* [TASK INPUT]:
++++++++++
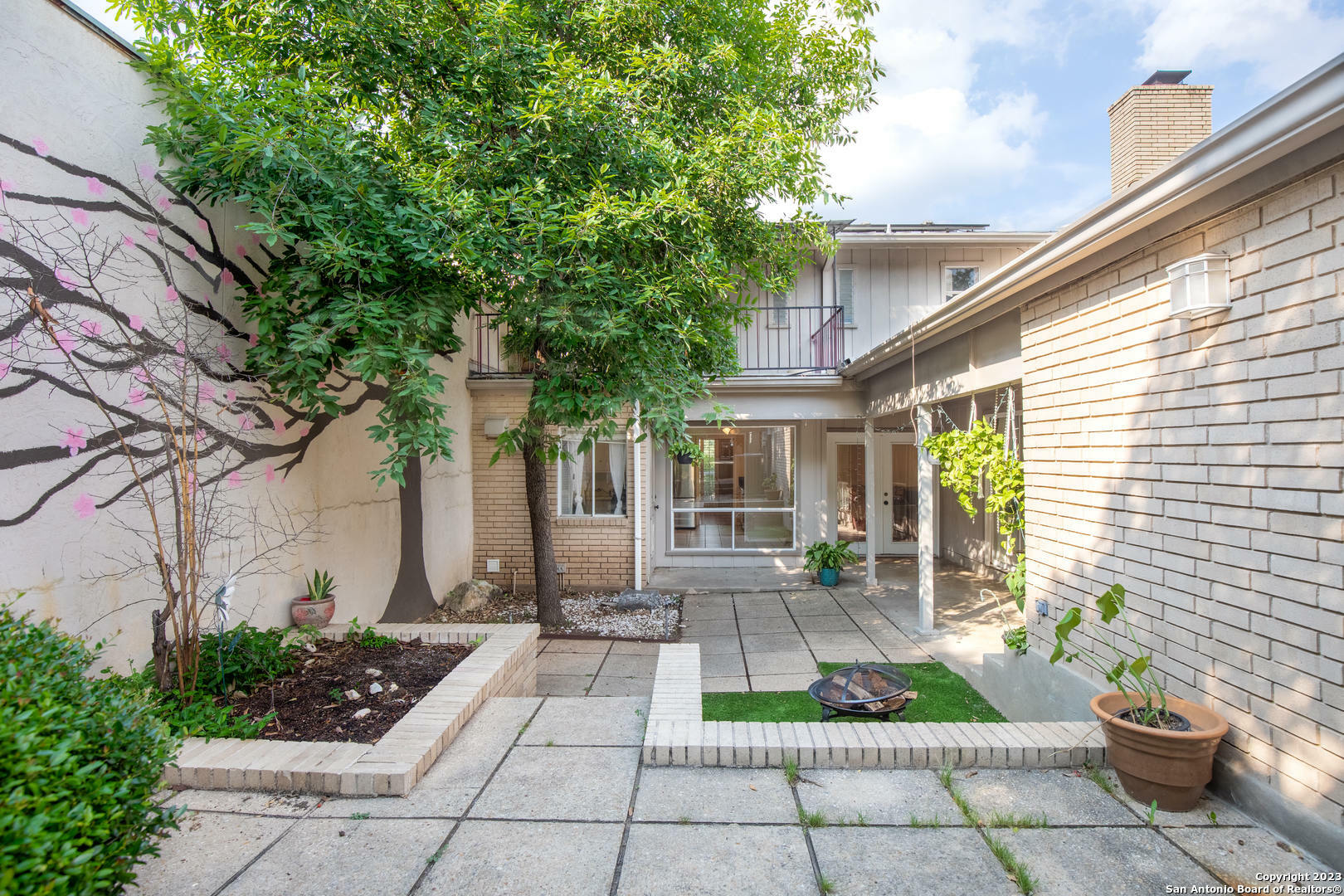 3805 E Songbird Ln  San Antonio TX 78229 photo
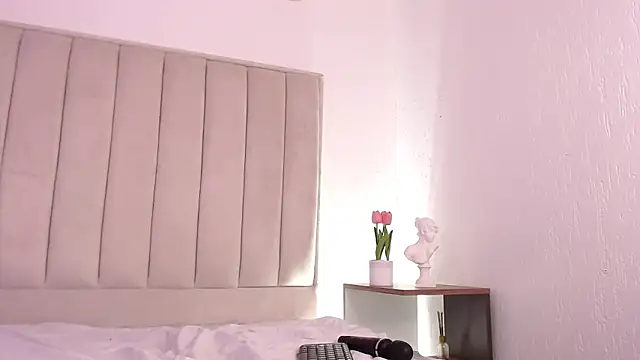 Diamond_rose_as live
++++++++++
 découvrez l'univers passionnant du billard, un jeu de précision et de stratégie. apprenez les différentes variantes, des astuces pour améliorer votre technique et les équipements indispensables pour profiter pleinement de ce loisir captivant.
++++++++++
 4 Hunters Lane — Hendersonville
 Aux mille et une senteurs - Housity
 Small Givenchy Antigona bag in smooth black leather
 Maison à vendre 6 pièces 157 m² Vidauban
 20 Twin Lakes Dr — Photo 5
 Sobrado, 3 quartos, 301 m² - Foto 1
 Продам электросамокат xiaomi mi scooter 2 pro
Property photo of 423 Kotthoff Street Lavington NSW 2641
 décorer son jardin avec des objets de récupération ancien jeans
++++++++++
* [TASK BRIEF]:
Referring to the material above, set down exactly the lines between the line with "Aux mille et une senteurs - Housity" and the line with "Property photo of", inclusive, and no other lines.

* [TASK RESULT]:
 Aux mille et une senteurs - Housity
 Small Givenchy Antigona bag in smooth black leather
 Maison à vendre 6 pièces 157 m² Vidauban
 20 Twin Lakes Dr — Photo 5
 Sobrado, 3 quartos, 301 m² - Foto 1
 Продам электросамокат xiaomi mi scooter 2 pro
Property photo of 423 Kotthoff Street Lavington NSW 2641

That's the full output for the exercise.